OLR Bill Analysis
AN ACT CONCERNING THE VALUATION OF REAL PROPERTY ACQUIRED BY EMINENT DOMAIN.
This bill requires a redevelopment agency to look at a property's assessed value as well as its appraised value when considering compensation for taking a property owner's property.
Under current law, the agency must compensate the owner based on the average of two independent appraisals. Owners of property taken for certain eminent domain and condemnation projects receive 125% of that amount. The bill requires that property owners receive the greater of these amounts or the property's assessed value according to the most recent grand list.

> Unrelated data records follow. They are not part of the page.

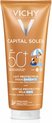 Vichy Capital Soleil Kids SPF50 Zonnemelk 300ml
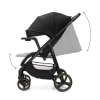 Бебешка количка с табла Kinderkraft Trig 3 Onyx Black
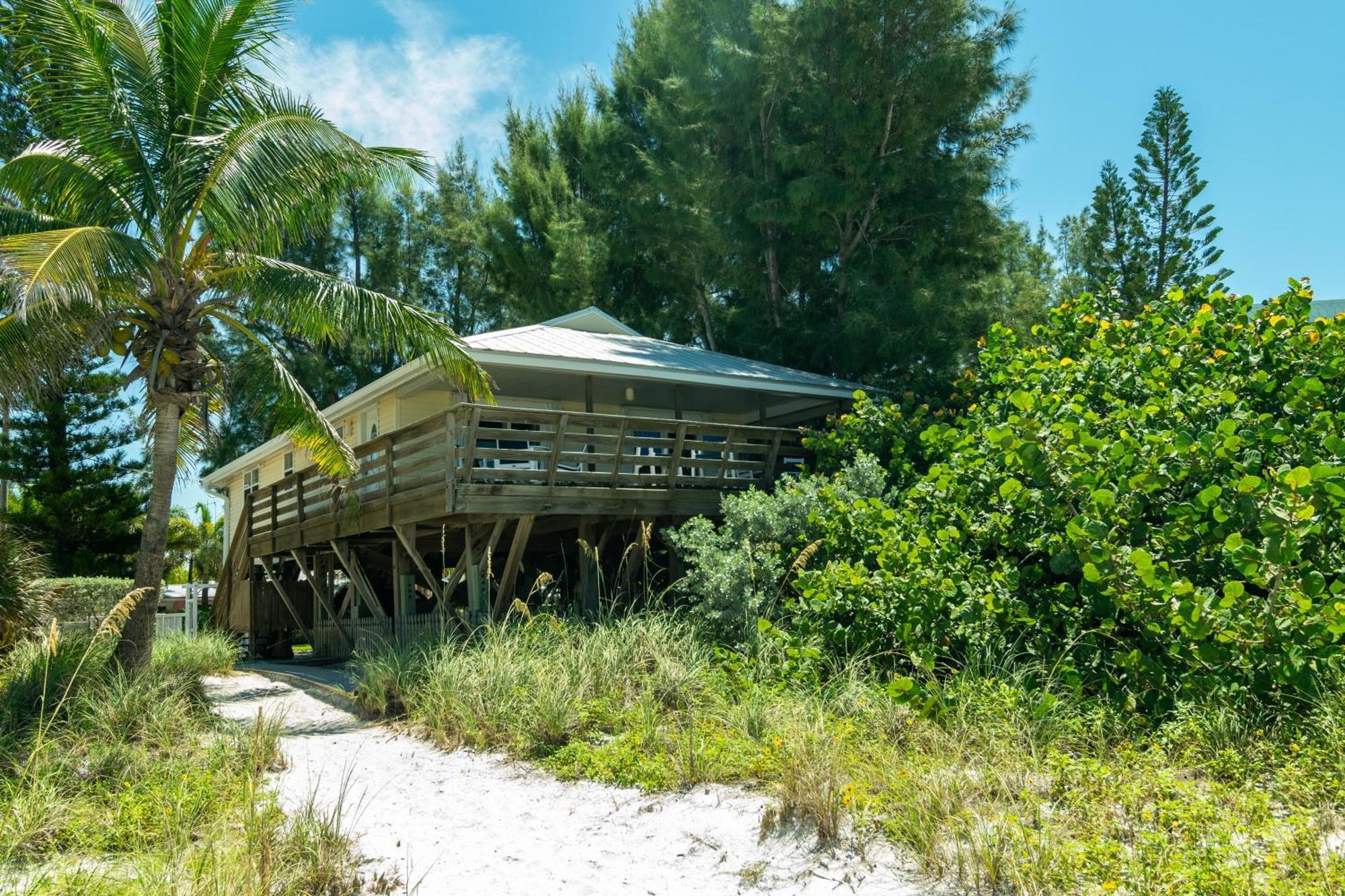 The Tiki House Villa Holmes Beach Kültér fotó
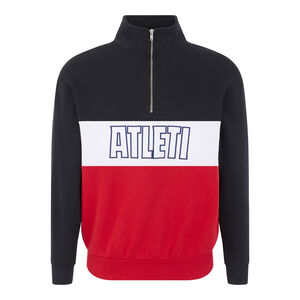 Sudadera con Cremallera Atleti Ni&ntilde;o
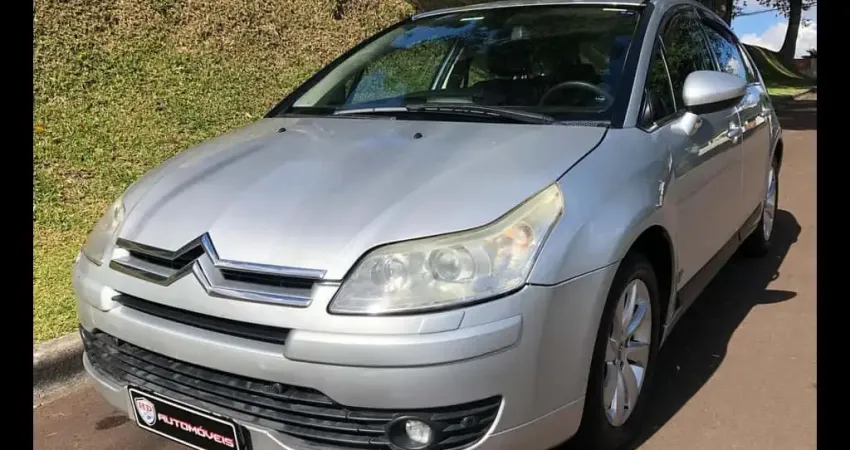 CITROEN C4 20EXCA5P F 2013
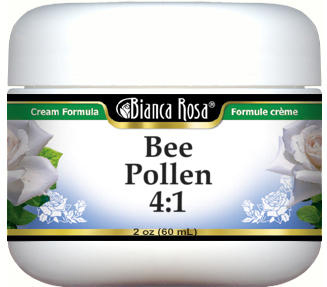 Bee Pollen 4:1 Cream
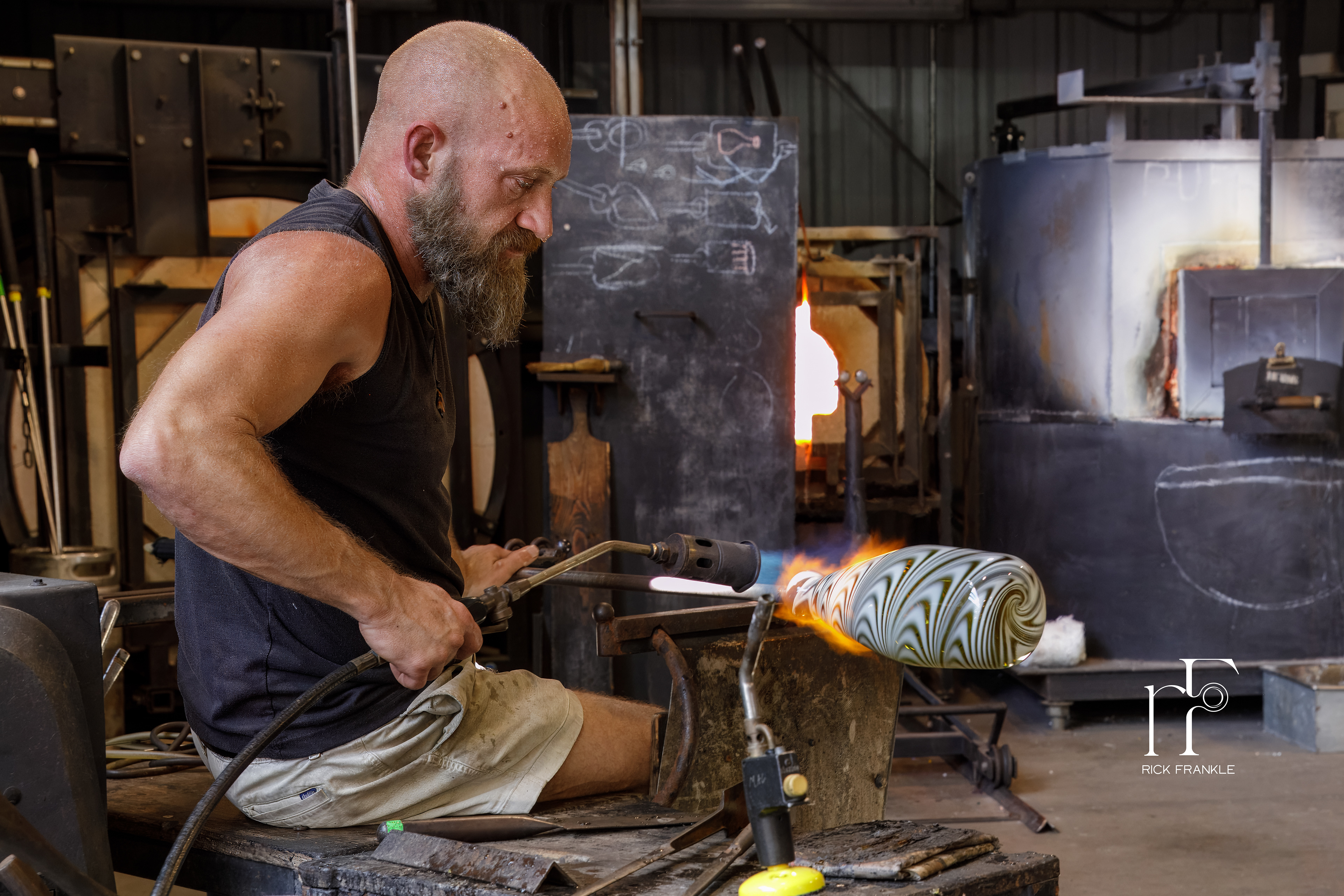 FUSE!  [ST. PETERSBURG, FLORIDA]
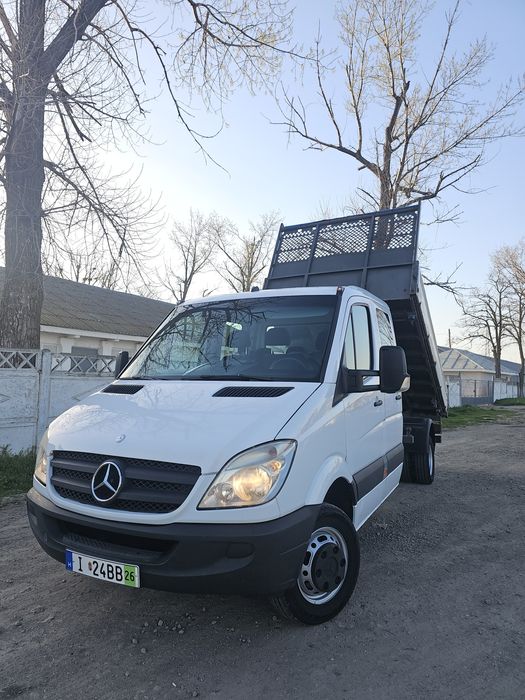 Mercedes sprinter 416..an 2010..7 locuri!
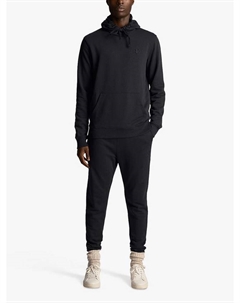 Тоновые логотипные джоггеры Lyle & scott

EFFECTIVE DATE: October 1, 2012
Compensation and Appraisal
By law, local and state agencies must compensate property owners when taking their property. An agency must have the property appraised by two state-certified appraisers who must work independently of each other and use generally accepted professional standards as described in the Uniform Standards of Professional Appraisal Practice issued by the Appraisal Standards Board of the Appraisal Foundation pursuant to federal and state law. Each appraiser must provide a copy of the appraisal to the property owner and the agency.
Statutory Right to Challenge Compensation Offer
The law gives property owners the right to go to court to challenge the compensation a municipality or redevelopment agency offers for their property in an eminent domain case. In determining fair market value in such a case, courts consider everything that legitimately affects the property's value. But they may not consider factors that do not affect market value.
When the court awards more than the agency offered, the law also gives property owners court costs including reasonable fees. These fees can include the costs of any witness necessary for the court's determination of the property's value, not just for appraisers (CGS § 8-133).
The law allows the property owner to appeal the court's ruling.